A female ex-writer brings a sexual harassment lawsuit against the show because she thinks she was fired for "not being one of the boys." Kind of like the one that happened to the writers of Friends, Matthew Perry's previous show. Weird. Anyway, The alleged harassment happened two years earlier, when neither Matt, nor Danny, nor any of the current writers was around, so it's not all that clear how having Matt followed around by a "hot" lawyer for the network will help NBS to build its case. Matt gets his panties in a bunch when he reads the part where the writers were talking about all of the ways in which they would like to screw Harriet. Meanwhile, Danny asks Harriet (who's busy on her film set with Luke) to "fake it" with Matt so that he can finish writing the week's show. Harriet feels guilty about a scene in her film that she thinks is dishonest, but really she feels guilty about abandoning Matt or something. Matt won't insist that Harriet leave the film set, as she is supposed to do on Wednesdays, because he thinks it will make him look petty. The lawyer points all of this out, because she's not only smart and hot, but she's also omniscient. And she's got the hots for Matt. Harriet breaks up with Luke, because she thinks he's just keeping her on the film set so that she can't spend time with Matt. Then she returns to the set to help Matt write the show, and kisses him on the cheek. Was that faking it? Because it wasn't very convincing. Speaking of fake, Jordan acquires a fake baby to practice on, because career women have no motherly instincts or family members or babysitting experience or common sense. Danny agrees to take care of the fake baby too, but at least he thinks it's ridiculous. So he passes the baby off to Tom and Simon, who manage to chop the baby's head off with a mini-guillotine. Don't ask. Danny gets the prop guys to fix it and hopes Jordan won't notice, but she does when the baby's head and eyeballs pop out. But she forgives Danny because, why not?
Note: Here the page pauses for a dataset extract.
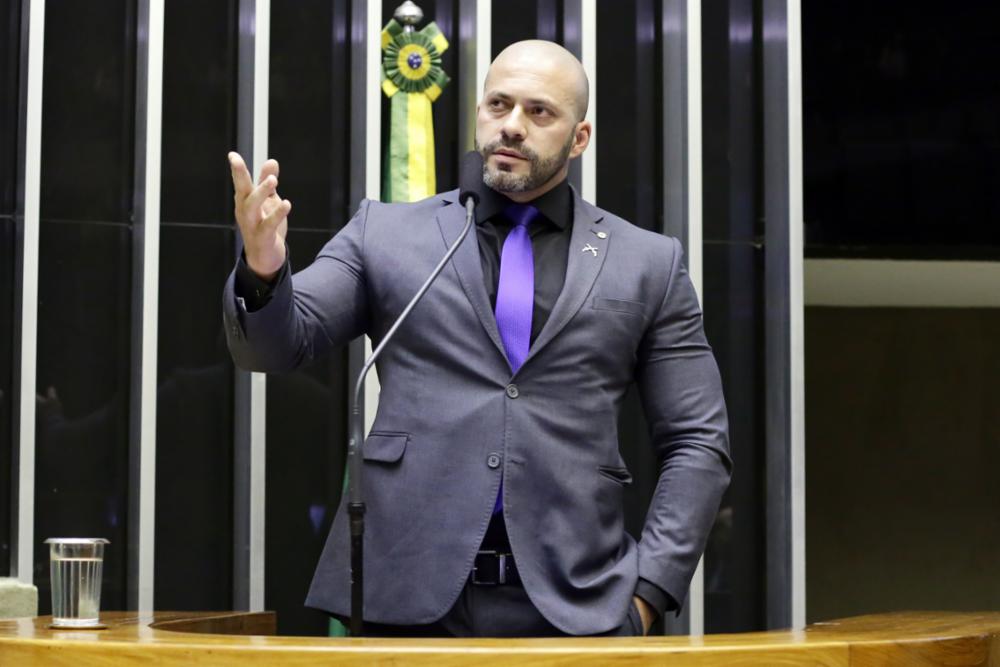 Por unanimidade STF torna Daniel Silveira reu em inquerito de atos antidemocraticos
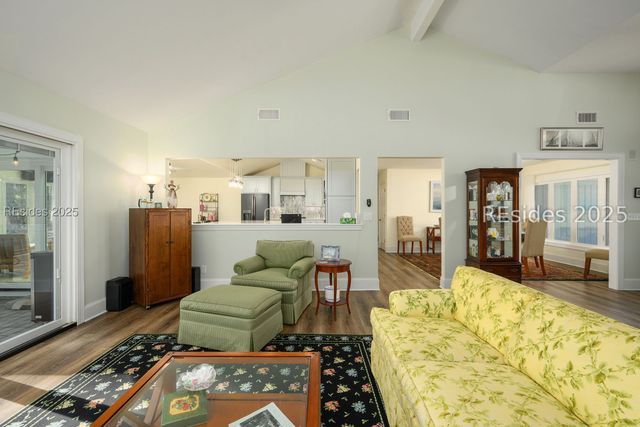 1 Greenwood Dr, Bluffton, SC 29910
The show opens with Danny talking to some blonde lady, who reminds him that he's not going to be a defendant. After going all the way around the point, coming back, overshooting it, throwing it in reverse, and inching forward slightly, we learn that a female former writer for the show is suing Studio 60 for sexual harassment, and this blonde lady is the network's lawyer, and she want to talk to the people who might be called as witnesses. Problem is that Danny didn't work on the show when the writer did, so I'm not entirely sure what the point of questioning him is, and neither is Danny. Danny wonders what exactly the grounds are for the lawsuit, but in one of the things that frustrates me about this show stylistically, he can't just say, "On what grounds is she suing?" or even "So what's her claim?" Instead, Danny has to list off all the reasons someone might file a claim of sexual harassment, none of which is the real reason, until finally the lawyer tells him that the woman is claiming there was a hostile work environment. What is the point of that? To show that Mark McKinney (credited with writing this episode) and the rest of the writing team know all of the nuances of the sexual harassment laws? To show that Danny does? To kill time? I don't know. It certainly doesn't develop Danny's character; it's already been established that he knows a lot about some things and very little about others (pregnant women). It's just talking for the sake of talking, and while I'm generally a fan of dialogue-heavy scenes, sometimes it's better to let the actors, you know, act. With their faces. And with their mouths closed. Anyway, I typed all of that, and they're STILL talking, so there's my point. The lawyer claims that the woman thinks she was fired for refusing to be "one of the boys," and Danny claims that the woman was fired because she was "lousy." Danny and the lawyer stare at each other until Danny points out that it's 10 PM.
Matt is in his office, looking frustrated and drinking some sort of energy drink, a dangerous combination. I can never keep track of the timeline on this show. Is this supposed to be right after the previous episode? I'm guessing not, because Matt is wearing different clothes. So he's not still under the effect of the pills he took? Or maybe he took more pills? I don't know. Matt asks Suzanne to get some of the cast members up to his office, and then immediately changes his mind and says he'll go find them. Matt notices that Suzanne is unwrapping some takeout, and tells her to go home, but she reminds him (matter-of-factly, not in a put-upon way) that she goes home when he does. Matt says that he might not go home at all, and Suzanne advises him to do so, at least for a little while. The whole "assistant as mom" thing is so played out.